**Work item:**
The lines wanted run from the first one below through the one with "Tablet Screenshot of". Return them exactly.

Caption-style text data
[Start of section]

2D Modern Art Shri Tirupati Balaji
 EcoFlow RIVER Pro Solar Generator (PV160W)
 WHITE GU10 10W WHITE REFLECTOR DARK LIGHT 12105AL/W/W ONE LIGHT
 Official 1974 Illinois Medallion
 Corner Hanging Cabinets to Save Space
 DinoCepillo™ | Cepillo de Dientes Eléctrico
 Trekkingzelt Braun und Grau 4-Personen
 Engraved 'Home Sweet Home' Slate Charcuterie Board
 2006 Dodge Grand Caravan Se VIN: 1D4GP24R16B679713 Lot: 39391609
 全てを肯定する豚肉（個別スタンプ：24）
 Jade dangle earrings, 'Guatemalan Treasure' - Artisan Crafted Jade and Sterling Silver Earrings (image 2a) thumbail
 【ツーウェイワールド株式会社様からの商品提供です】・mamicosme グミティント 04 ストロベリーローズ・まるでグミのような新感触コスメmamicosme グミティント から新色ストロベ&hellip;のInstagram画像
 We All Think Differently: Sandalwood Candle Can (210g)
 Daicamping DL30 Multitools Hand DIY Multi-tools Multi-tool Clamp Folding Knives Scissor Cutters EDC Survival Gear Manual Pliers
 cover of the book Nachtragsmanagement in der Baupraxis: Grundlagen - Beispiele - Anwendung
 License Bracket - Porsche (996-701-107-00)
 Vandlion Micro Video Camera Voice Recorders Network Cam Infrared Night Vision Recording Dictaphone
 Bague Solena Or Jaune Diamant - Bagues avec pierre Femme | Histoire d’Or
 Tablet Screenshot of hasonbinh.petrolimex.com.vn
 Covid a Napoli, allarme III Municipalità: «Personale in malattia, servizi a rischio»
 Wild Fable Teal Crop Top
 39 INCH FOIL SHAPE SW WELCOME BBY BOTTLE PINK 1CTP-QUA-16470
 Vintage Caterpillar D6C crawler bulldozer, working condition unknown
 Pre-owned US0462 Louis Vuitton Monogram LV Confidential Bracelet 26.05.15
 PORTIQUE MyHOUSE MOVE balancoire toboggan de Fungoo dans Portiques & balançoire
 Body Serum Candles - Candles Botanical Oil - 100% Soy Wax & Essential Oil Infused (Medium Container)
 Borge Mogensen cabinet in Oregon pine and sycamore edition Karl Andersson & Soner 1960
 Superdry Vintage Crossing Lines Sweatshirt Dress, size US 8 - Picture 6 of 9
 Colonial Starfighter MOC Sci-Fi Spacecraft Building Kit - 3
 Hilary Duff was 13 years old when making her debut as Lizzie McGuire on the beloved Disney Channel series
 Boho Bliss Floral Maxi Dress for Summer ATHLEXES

[End of section]

**Written answer:**
2D Modern Art Shri Tirupati Balaji
 EcoFlow RIVER Pro Solar Generator (PV160W)
 WHITE GU10 10W WHITE REFLECTOR DARK LIGHT 12105AL/W/W ONE LIGHT
 Official 1974 Illinois Medallion
 Corner Hanging Cabinets to Save Space
 DinoCepillo™ | Cepillo de Dientes Eléctrico
 Trekkingzelt Braun und Grau 4-Personen
 Engraved 'Home Sweet Home' Slate Charcuterie Board
 2006 Dodge Grand Caravan Se VIN: 1D4GP24R16B679713 Lot: 39391609
 全てを肯定する豚肉（個別スタンプ：24）
 Jade dangle earrings, 'Guatemalan Treasure' - Artisan Crafted Jade and Sterling Silver Earrings (image 2a) thumbail
 【ツーウェイワールド株式会社様からの商品提供です】・mamicosme グミティント 04 ストロベリーローズ・まるでグミのような新感触コスメmamicosme グミティント から新色ストロベ&hellip;のInstagram画像
 We All Think Differently: Sandalwood Candle Can (210g)
 Daicamping DL30 Multitools Hand DIY Multi-tools Multi-tool Clamp Folding Knives Scissor Cutters EDC Survival Gear Manual Pliers
 cover of the book Nachtragsmanagement in der Baupraxis: Grundlagen - Beispiele - Anwendung
 License Bracket - Porsche (996-701-107-00)
 Vandlion Micro Video Camera Voice Recorders Network Cam Infrared Night Vision Recording Dictaphone
 Bague Solena Or Jaune Diamant - Bagues avec pierre Femme | Histoire d’Or
 Tablet Screenshot of hasonbinh.petrolimex.com.vn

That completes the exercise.